Symbols of Inequality
There are four main inequality symbols:
- <: less than
- >: greater than
- ≤: less than or equal to
- ≥: greater than or equal to
Understanding Linear Inequalities
Linear inequalities involve variables like x or y. They can be written in the form: \(ax + b < c\), \(ax + b > c\), \(ax + b \le c\), or \(ax + b \ge c\). Here, a, b, and c are numbers.

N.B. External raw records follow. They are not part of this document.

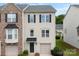 Charming two-story home with a well-maintained front yard and attached garage at 2151 Belle Vernon Ave, Charlotte, NC 28210
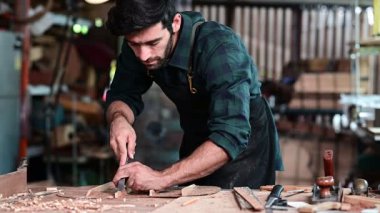 Luthier ahşap müzikal yapıyor ve çalışma odasında el aletleriyle geleneksel aletler kullanıyor.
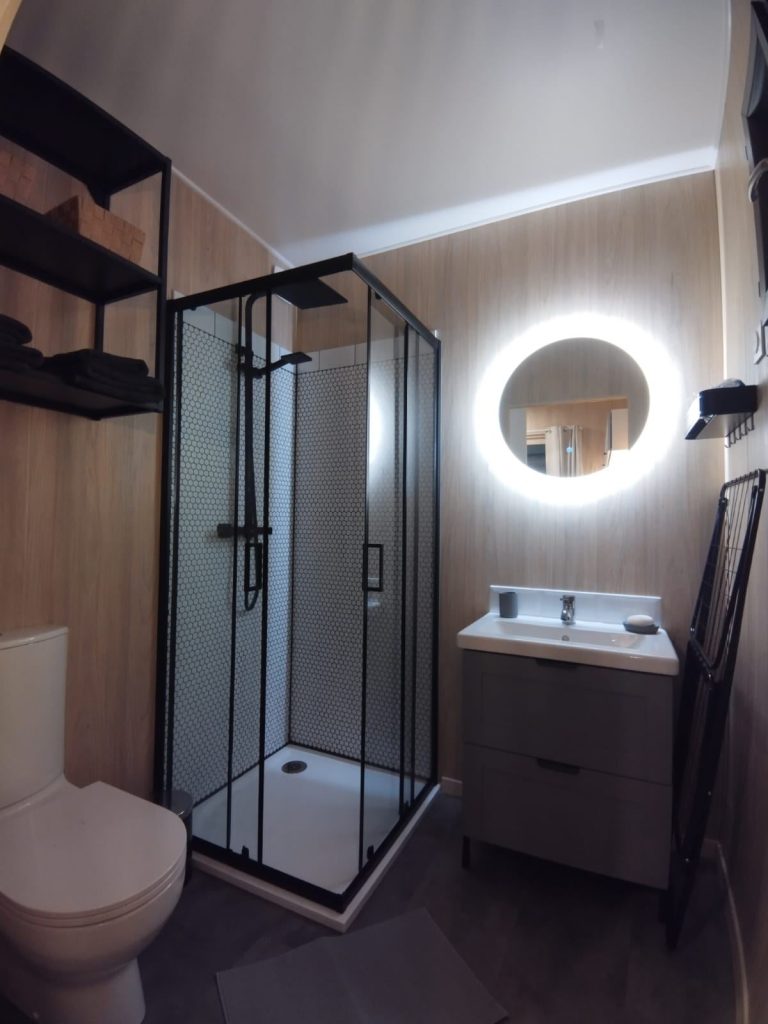 Salle d’eau avec douche et miroir lumineux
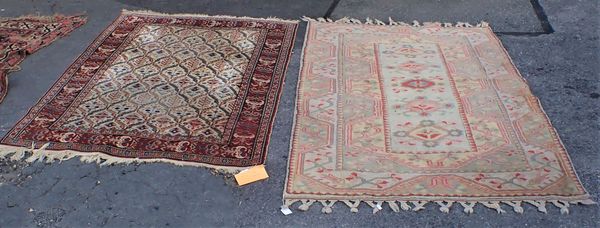 A SERAB STYLE RUG, AND A TURKISH RUG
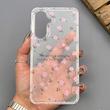 قاب گوشی Galaxy A56 سامسونگ شفاف پشت طلقی شیشه‌ای دور ژله ای طرح گل صورتی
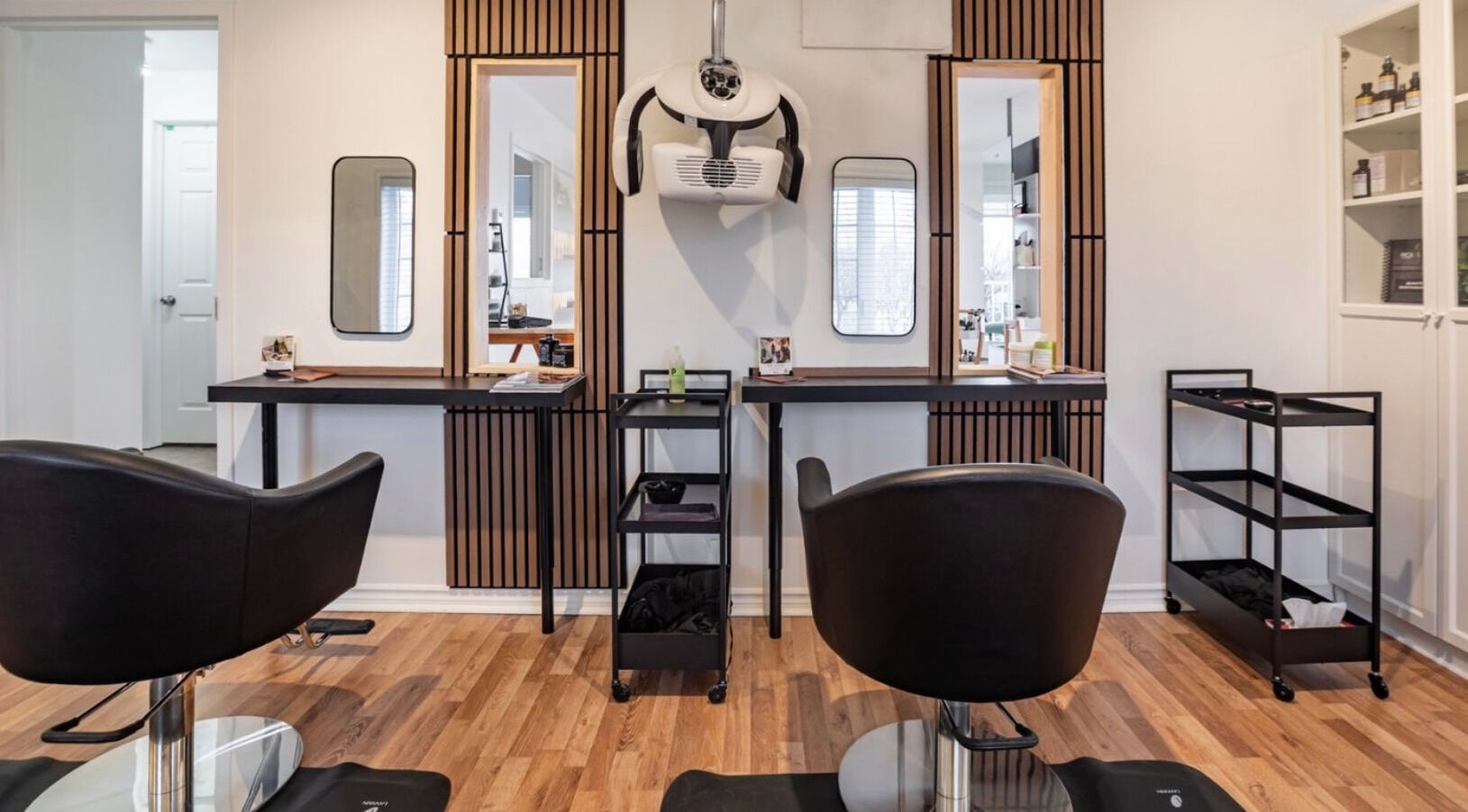 Intérieur chic du salon Village Coiffure à Saint-Basile-le-Grand, Québec, CA avec espaces stylés.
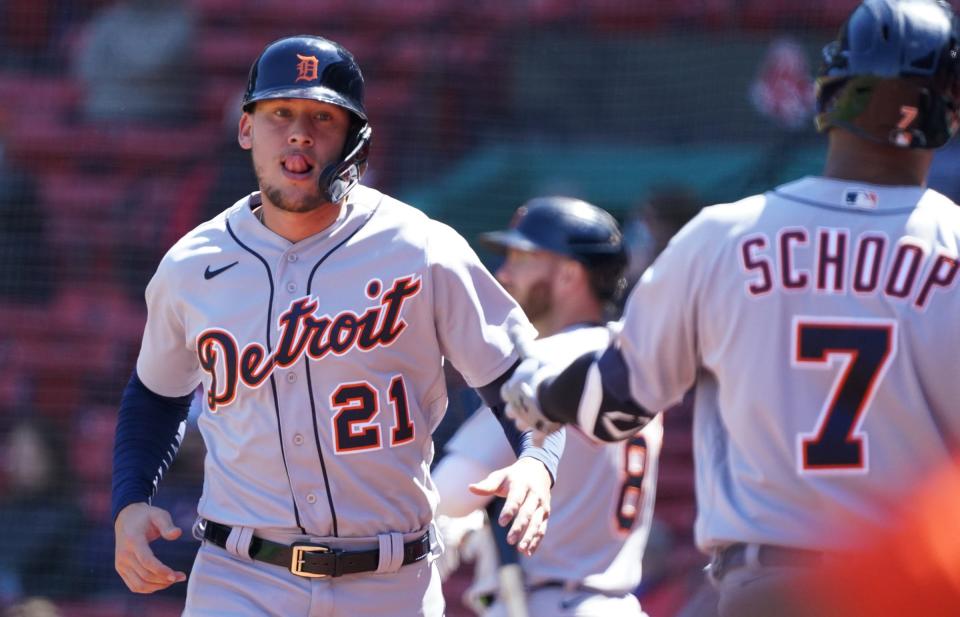 Detroit Tigers left fielder JaCoby Jones (21) scores on a sacrifice out by center fielder Akil Baddoo (60) (not pictured) against the Boston Red Sox in the third inning at Fenway Park.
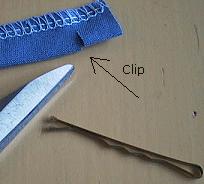 Trim seam allowances. Fold hem allowance to the wrong side of the garment and sew from right side with 3-stitch zigzag and trim seam allowance. 4.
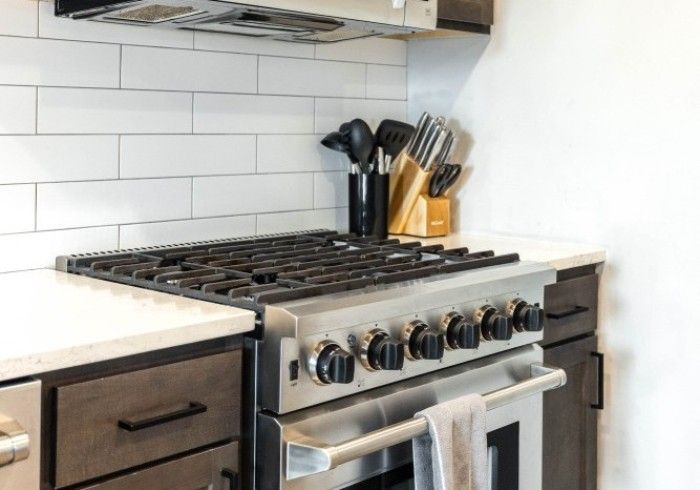 Stainless steel gas range in modern kitchen with white tile backsplash.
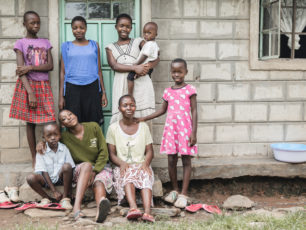 En bild på en grupp med åtta personer från Kenya som står uppradade framför en vägg. De är i blandade åldrar.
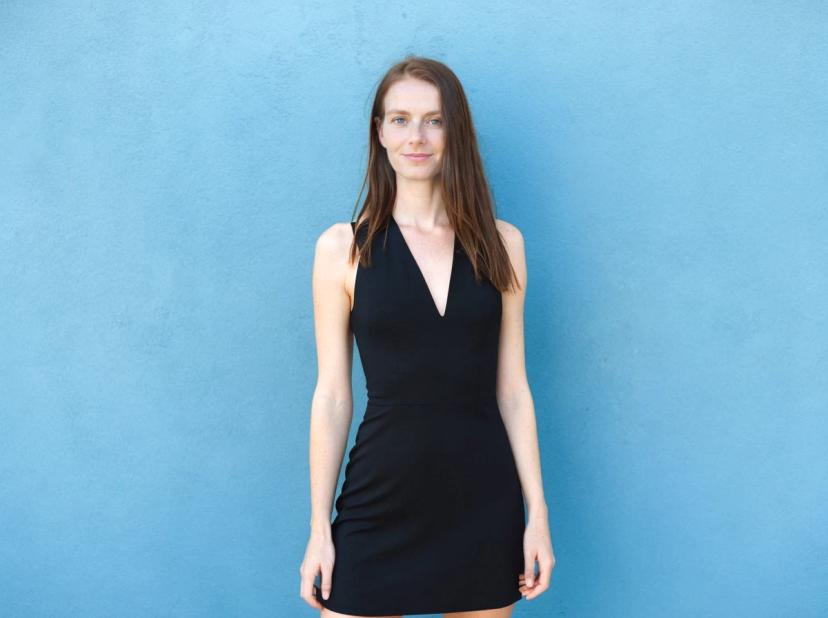A woman wearing a sleeveless black dress standing in front of a plain blue wall.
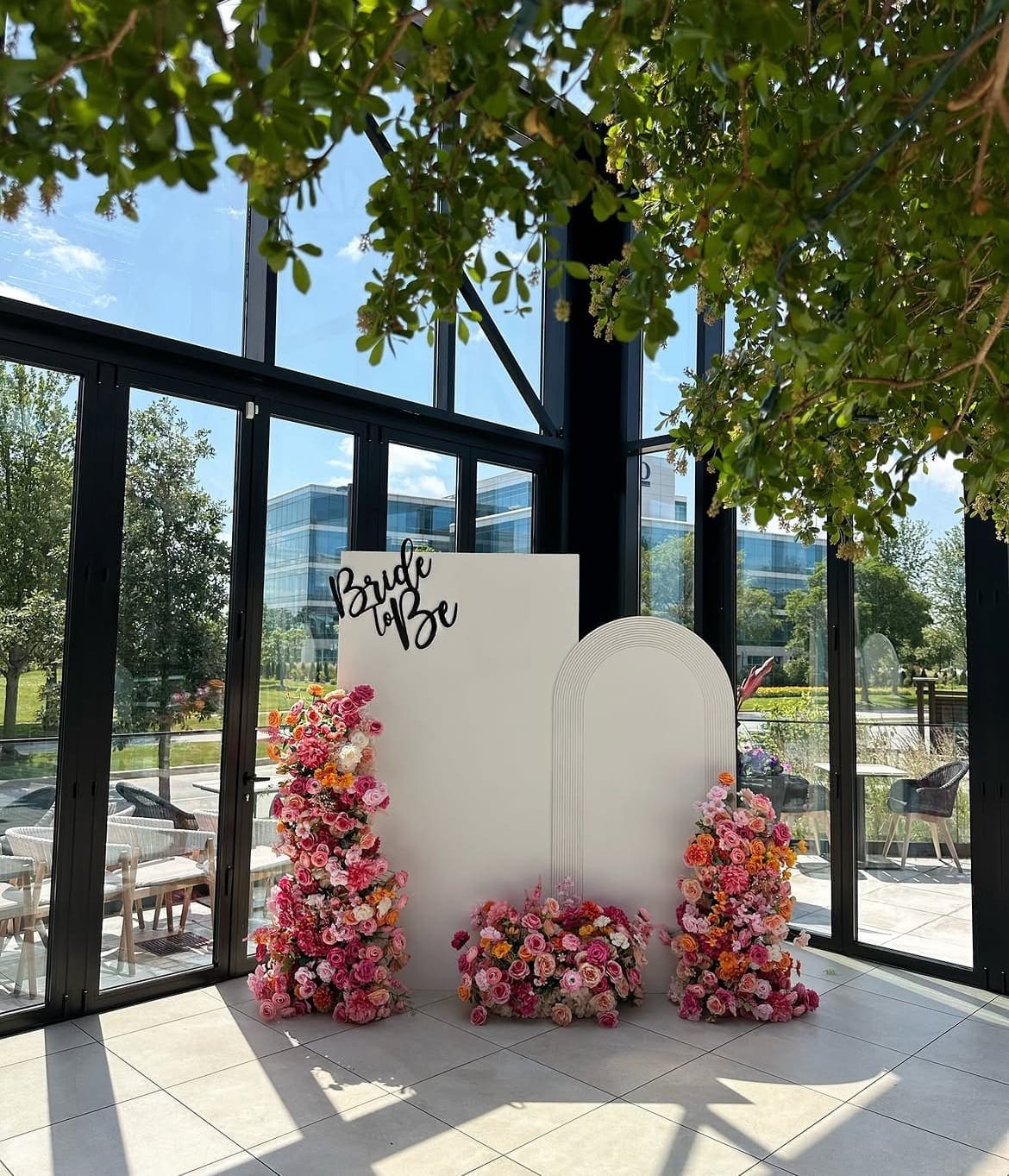 Bridal shower Bride to Be arch backdrop rental Chicago — white panel arch with colorful pink orange floral columns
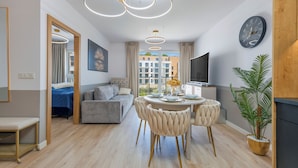 A modern living room with a sofa, a dining table with chairs, a TV, and a large window with a view of buildings. - Apartamenty Sun & Snow Bałtyk Jastrzębia Góra (Jastrzębia Góra)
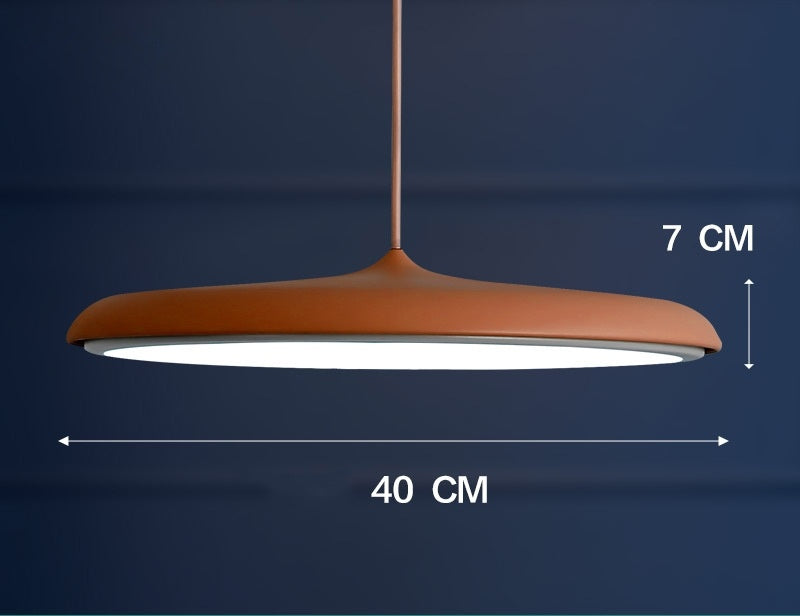 Copper-colored pendant light with matte finish and modern design featuring three color temperature for restaurant use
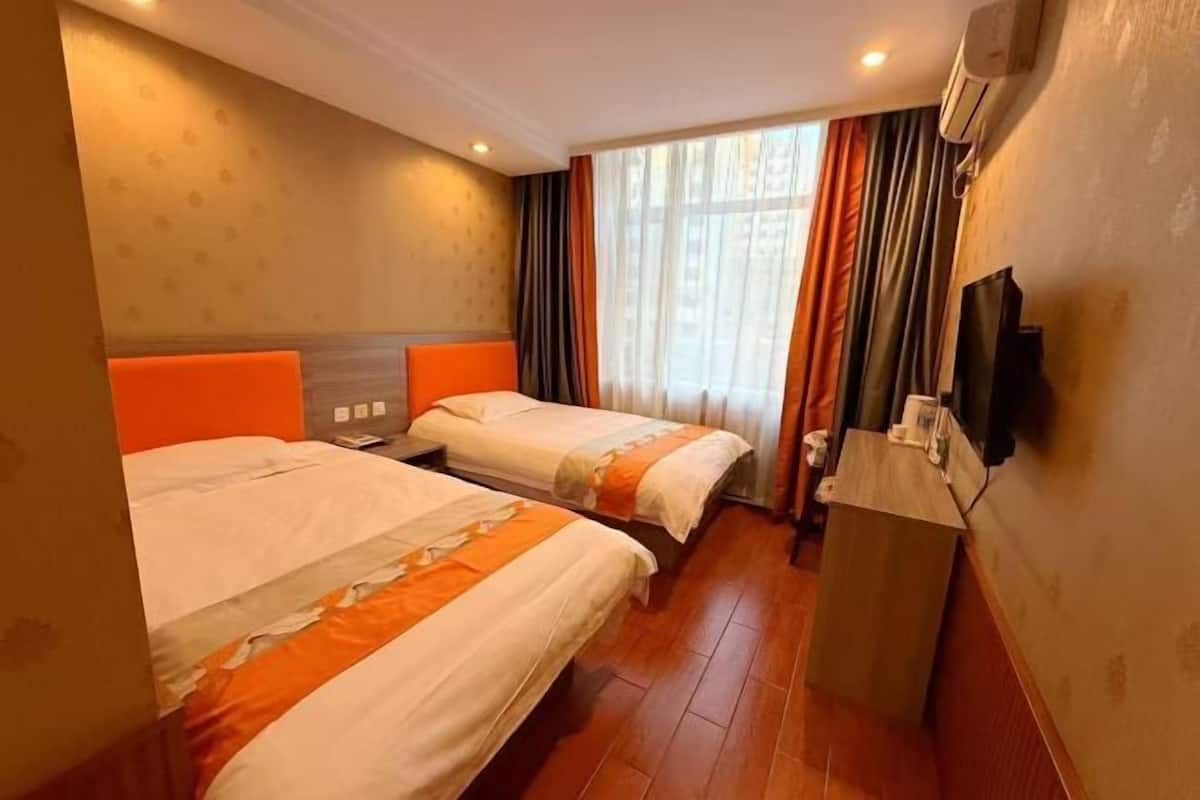 A hotel room with two beds, a TV, and a window with curtains.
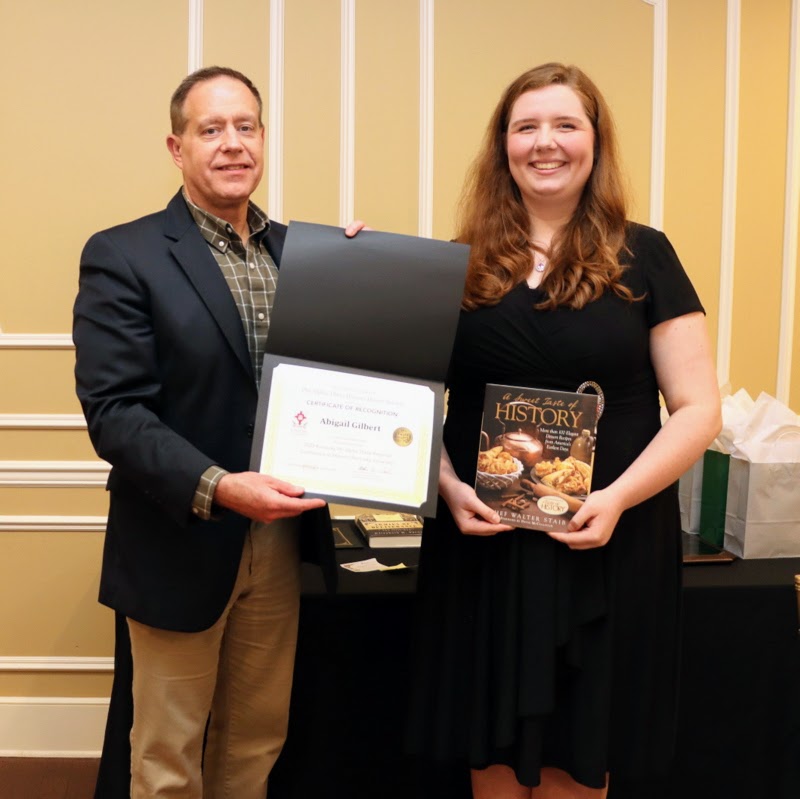 Abigail Gilbert receives a book and certificate of recognition from Dr. Henry Allen at the History Department Awards Banquet on April 27, 2023, for the excellent paper she presented at the Kentucky Phi Alpha Theta Regional Conference on April 15, 2023.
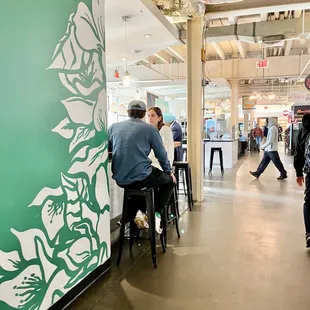a man sitting on a stool in front of a green wall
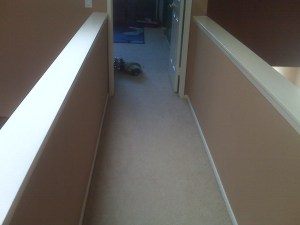 Upstairs bridge. Bathroom at end to the right.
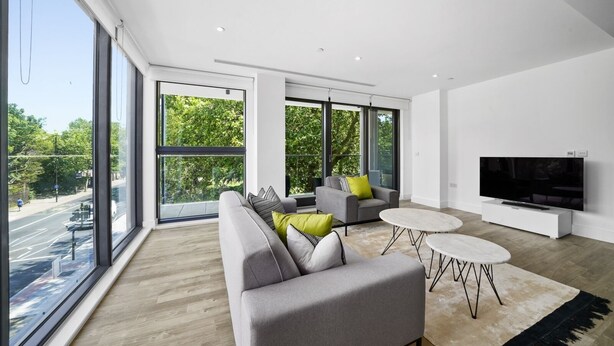 A modern living room with large windows, a grey sofa, a small round table, and a flat-screen TV. - Executive Apartments in Bermondsey FREE WIFI & AIRCON by City Stay Aparts London (London)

Let's go over some examples:
Example 1
Solve the inequality \(2x + 3 < 7\).
- First, we subtract 3 from both sides:
\(2x + 3 - 3 < 7 - 3\)
Simplifies to \(2x < 4\).
- Next, we divide by 2 on both sides:
\(\frac{2x}{2} < \frac{4}{2}\)
Simplifies to \(x < 2\).
Example 2
Solve the inequality \(4x - 5 > 3\).
- Add 5 to both sides:
\(4x - 5 + 5 > 3 + 5\)
Simplifies to \(4x > 8\).
- Divide by 4 on both sides:
\(\frac{4x}{4} > \frac{8}{4}\)
Simplifies to \(x > 2\).
Example 3
Solve the inequality \(-3x + 2 \le 11\).
- Subtract 2 from both sides:
\(-3x + 2 - 2 \le 11 - 2\)
Simplifies to \(-3x \le 9\).
- Divide by -3 on both sides and reverse the inequality sign:
\(\frac{-3x}{-3} \ge \frac{9}{-3}\)
Simplifies to \(x \ge -3\).
Graphing Linear Inequalities
We can show linear inequalities on a number line:
Summary of Key Points
- Linear inequalities use inequality symbols like <, >, ≤, and ≥.
- They can be solved similar to linear equations by performing arithmetic operations on both sides.
- When multiplying or dividing by a negative number, reverse the inequality sign.
- Graphing inequalities on a number line helps visualize the solution.